> _DATASET CONTENT_:
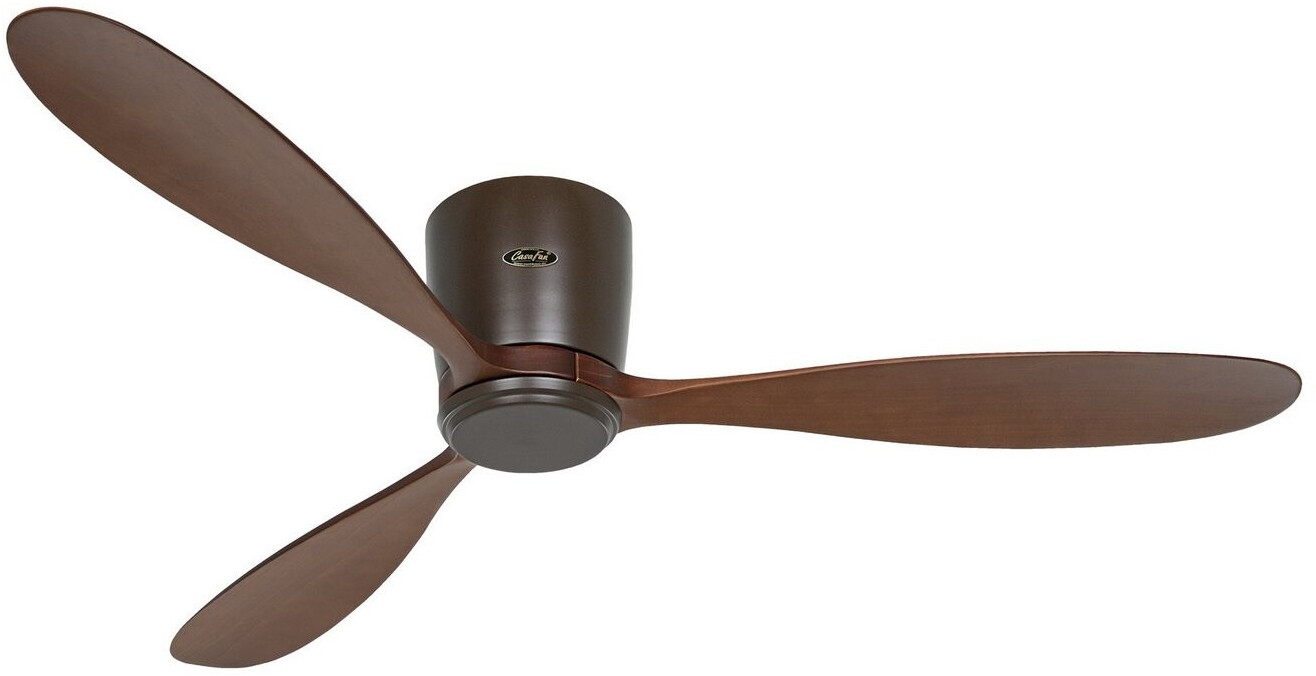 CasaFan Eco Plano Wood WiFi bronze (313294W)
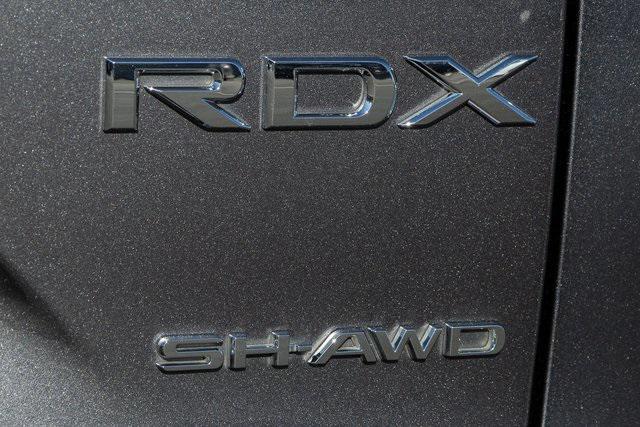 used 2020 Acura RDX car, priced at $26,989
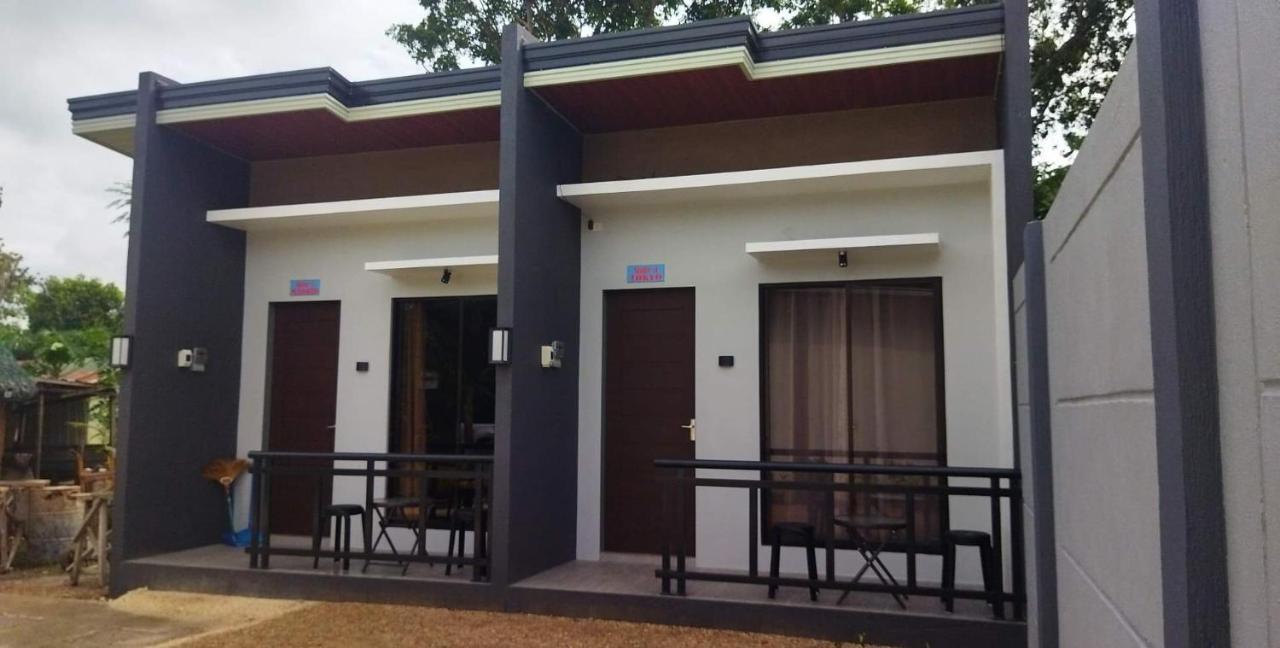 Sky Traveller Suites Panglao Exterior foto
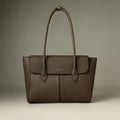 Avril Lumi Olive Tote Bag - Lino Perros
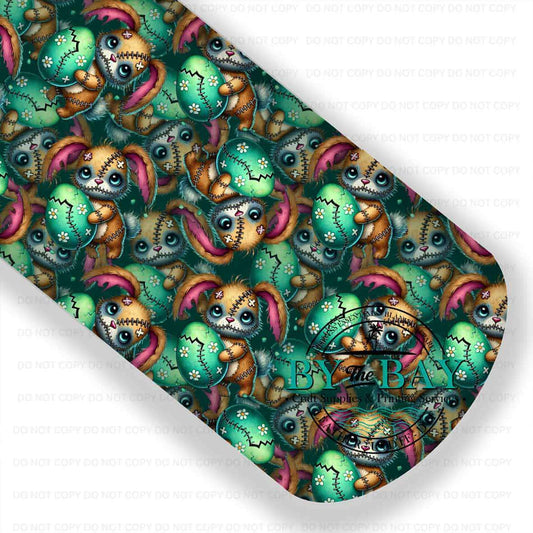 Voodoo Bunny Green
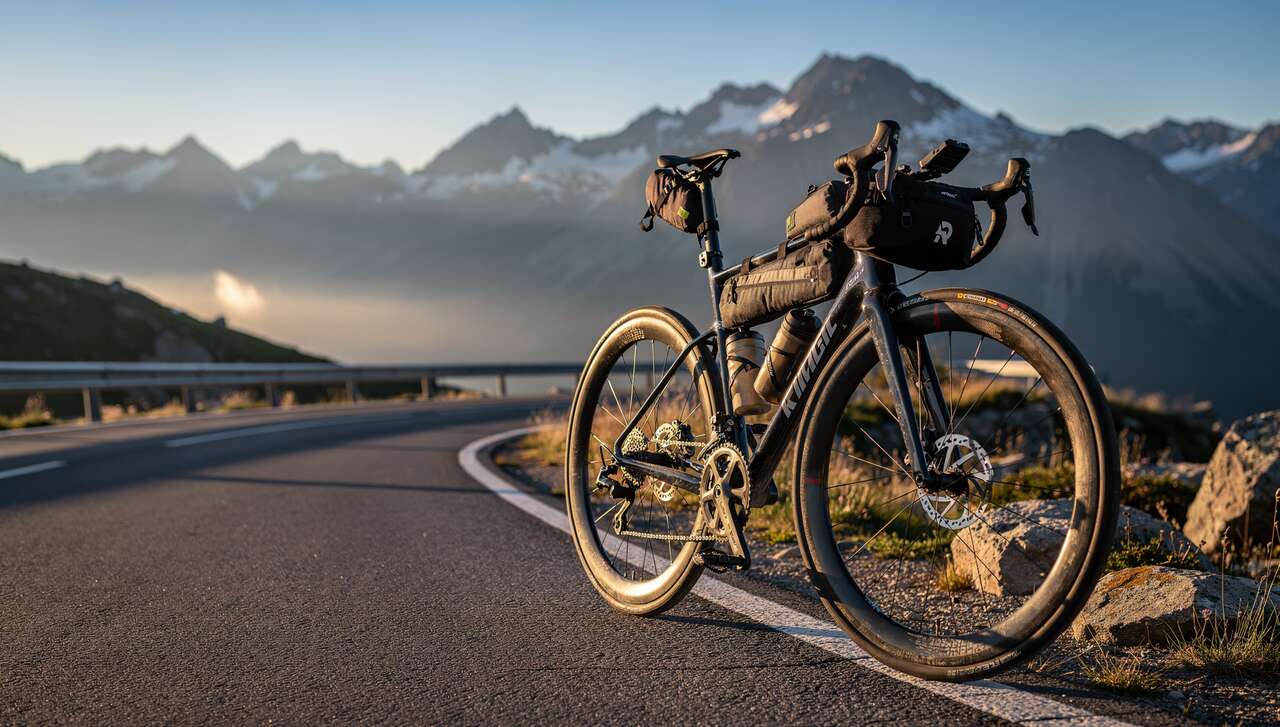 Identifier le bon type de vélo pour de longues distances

---

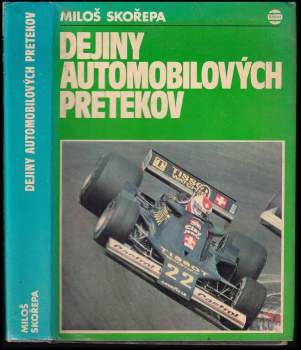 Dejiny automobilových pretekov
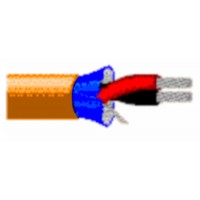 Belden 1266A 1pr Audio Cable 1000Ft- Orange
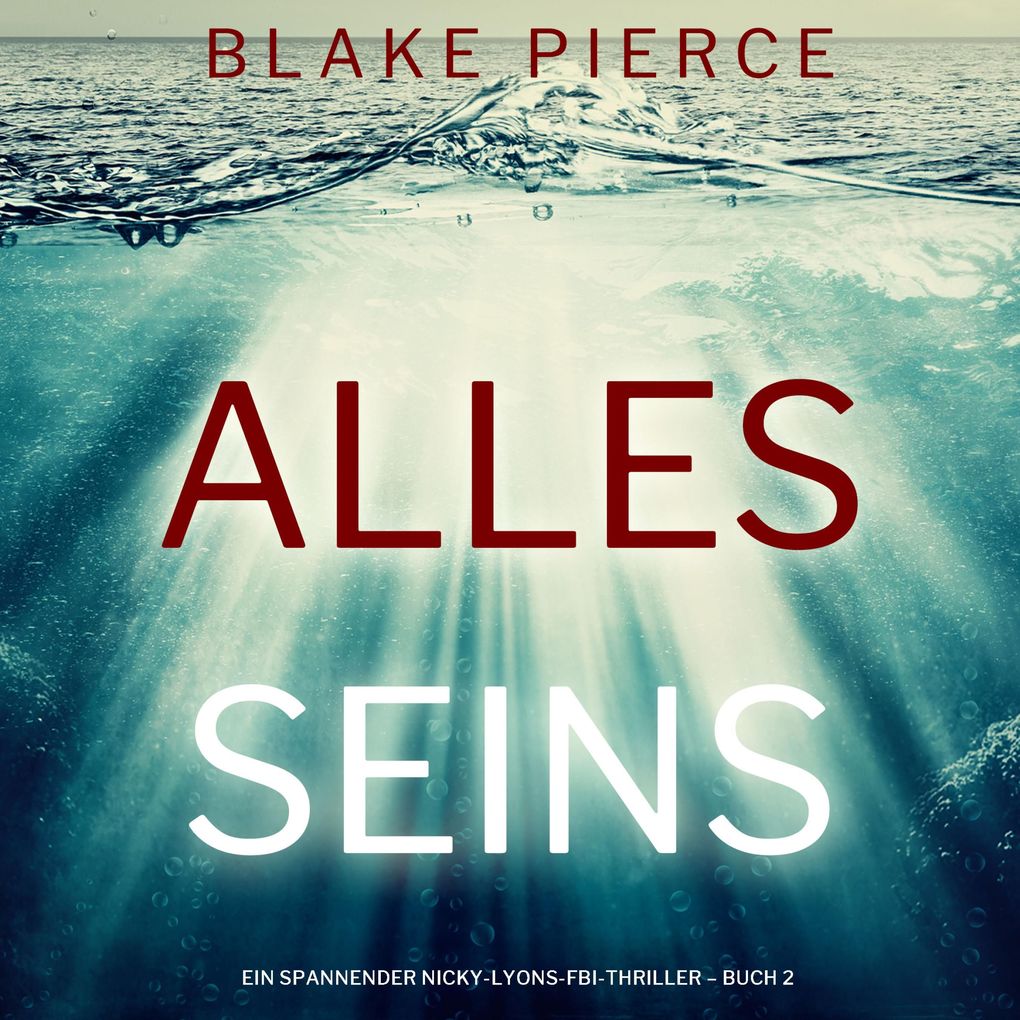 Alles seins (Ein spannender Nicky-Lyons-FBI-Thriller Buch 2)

> _DESCRIPTION OF THE TASK_:
From the listing above, please give again the lines that begin with the line holding "Sky Traveller Suites Panglao Exterior foto" and go on through the line holding "Identifier le bon", exactly, both ends included, minus any picture.

> _TASK OUTPUT_:
 Sky Traveller Suites Panglao Exterior foto
 Avril Lumi Olive Tote Bag - Lino Perros
 Voodoo Bunny Green
 Identifier le bon type de vélo pour de longues distances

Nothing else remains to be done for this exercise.